● **HOW TO COMPLETE THIS TASK**
Once you find the line with "Sun Zero Easton" in the data that follows, repeat it and every line after it exactly, through the line with "Balmain Draped strapless jumpsuit | Thumbnail 7 Balmain".

-------- RECORDS FOR THIS EXERCISE --------

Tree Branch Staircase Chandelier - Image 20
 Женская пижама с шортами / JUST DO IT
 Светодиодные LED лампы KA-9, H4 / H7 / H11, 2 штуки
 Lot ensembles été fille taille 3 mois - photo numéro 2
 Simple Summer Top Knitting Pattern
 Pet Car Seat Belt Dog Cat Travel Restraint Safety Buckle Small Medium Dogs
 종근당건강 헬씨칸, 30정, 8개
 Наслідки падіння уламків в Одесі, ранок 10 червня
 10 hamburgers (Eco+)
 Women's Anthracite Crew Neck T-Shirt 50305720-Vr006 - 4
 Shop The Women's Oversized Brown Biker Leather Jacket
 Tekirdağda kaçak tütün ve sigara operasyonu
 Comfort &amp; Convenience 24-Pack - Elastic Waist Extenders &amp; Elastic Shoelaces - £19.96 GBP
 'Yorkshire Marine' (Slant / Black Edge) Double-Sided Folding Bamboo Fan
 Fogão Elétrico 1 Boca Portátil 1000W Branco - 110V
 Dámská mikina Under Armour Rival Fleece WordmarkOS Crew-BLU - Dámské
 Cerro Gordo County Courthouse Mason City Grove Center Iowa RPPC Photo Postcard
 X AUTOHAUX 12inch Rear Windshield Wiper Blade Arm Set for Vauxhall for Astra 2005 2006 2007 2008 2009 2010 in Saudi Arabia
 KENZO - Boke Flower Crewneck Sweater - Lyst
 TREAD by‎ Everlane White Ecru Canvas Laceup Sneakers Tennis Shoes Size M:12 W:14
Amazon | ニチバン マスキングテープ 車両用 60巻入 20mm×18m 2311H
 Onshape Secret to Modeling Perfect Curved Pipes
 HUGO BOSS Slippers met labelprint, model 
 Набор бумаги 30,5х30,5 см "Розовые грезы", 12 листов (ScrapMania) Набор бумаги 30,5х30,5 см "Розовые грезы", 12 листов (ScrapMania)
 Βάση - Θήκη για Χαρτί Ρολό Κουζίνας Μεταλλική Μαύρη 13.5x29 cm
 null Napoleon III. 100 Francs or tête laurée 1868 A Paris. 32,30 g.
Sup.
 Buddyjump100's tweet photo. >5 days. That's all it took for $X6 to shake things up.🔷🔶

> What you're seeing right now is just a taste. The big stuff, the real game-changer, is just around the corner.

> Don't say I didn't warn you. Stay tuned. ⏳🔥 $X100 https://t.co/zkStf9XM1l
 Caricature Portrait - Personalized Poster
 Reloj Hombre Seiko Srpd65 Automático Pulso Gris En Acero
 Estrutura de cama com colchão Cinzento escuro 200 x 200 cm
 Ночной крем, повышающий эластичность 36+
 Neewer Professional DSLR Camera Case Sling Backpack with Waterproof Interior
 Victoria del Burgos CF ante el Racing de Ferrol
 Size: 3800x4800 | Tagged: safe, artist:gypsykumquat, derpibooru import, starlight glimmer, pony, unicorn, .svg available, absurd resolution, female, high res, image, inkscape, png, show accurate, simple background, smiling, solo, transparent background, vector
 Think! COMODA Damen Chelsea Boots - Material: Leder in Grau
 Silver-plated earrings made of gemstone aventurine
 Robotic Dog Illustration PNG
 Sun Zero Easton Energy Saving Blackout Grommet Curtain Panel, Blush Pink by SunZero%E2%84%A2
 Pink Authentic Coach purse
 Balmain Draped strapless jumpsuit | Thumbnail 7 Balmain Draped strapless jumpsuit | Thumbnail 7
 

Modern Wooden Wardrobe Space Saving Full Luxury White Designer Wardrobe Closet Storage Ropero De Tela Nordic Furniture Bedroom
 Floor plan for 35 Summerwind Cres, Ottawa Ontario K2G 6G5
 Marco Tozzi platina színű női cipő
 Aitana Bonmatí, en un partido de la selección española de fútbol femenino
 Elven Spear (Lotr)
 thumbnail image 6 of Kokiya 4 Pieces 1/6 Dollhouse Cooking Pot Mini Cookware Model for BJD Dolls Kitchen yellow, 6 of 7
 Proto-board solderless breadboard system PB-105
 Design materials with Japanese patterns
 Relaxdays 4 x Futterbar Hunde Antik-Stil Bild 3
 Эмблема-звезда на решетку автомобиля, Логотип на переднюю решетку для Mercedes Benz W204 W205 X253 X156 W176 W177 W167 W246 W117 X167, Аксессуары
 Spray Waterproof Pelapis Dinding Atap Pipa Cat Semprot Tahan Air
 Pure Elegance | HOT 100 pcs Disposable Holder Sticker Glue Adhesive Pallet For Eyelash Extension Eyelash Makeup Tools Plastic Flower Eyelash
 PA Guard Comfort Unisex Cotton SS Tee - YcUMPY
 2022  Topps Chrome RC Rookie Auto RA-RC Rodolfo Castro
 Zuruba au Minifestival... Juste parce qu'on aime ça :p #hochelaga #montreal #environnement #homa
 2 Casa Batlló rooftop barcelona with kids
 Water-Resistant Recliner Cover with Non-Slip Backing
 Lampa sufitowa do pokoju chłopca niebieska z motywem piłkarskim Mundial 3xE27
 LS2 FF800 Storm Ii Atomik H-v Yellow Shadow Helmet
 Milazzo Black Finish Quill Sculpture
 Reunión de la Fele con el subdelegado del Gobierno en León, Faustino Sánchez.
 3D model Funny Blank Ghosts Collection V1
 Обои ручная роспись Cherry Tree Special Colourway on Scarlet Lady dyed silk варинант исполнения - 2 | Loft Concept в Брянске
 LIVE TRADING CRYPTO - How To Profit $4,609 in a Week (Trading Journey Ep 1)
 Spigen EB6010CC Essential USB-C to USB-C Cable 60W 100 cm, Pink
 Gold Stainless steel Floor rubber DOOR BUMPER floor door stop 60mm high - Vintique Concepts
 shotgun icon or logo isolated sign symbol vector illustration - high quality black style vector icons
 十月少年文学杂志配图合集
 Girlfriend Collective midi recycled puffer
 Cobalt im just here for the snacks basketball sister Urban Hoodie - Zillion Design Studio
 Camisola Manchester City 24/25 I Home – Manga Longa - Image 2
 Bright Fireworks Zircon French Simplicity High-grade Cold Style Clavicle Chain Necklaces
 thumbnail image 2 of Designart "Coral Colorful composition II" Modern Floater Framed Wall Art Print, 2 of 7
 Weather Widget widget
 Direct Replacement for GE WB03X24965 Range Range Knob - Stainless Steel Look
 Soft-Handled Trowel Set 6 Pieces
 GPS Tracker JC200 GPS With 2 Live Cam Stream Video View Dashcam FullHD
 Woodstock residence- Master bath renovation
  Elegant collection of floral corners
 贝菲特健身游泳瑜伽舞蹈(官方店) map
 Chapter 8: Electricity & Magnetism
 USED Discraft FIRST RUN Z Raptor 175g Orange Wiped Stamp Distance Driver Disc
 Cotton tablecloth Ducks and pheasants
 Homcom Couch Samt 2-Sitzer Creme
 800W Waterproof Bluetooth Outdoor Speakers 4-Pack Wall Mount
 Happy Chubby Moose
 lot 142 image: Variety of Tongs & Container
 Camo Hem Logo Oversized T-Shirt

--------

● **ANSWER TO THIS EXERCISE**
 Sun Zero Easton Energy Saving Blackout Grommet Curtain Panel, Blush Pink by SunZero%E2%84%A2
 Pink Authentic Coach purse
 Balmain Draped strapless jumpsuit | Thumbnail 7 Balmain Draped strapless jumpsuit | Thumbnail 7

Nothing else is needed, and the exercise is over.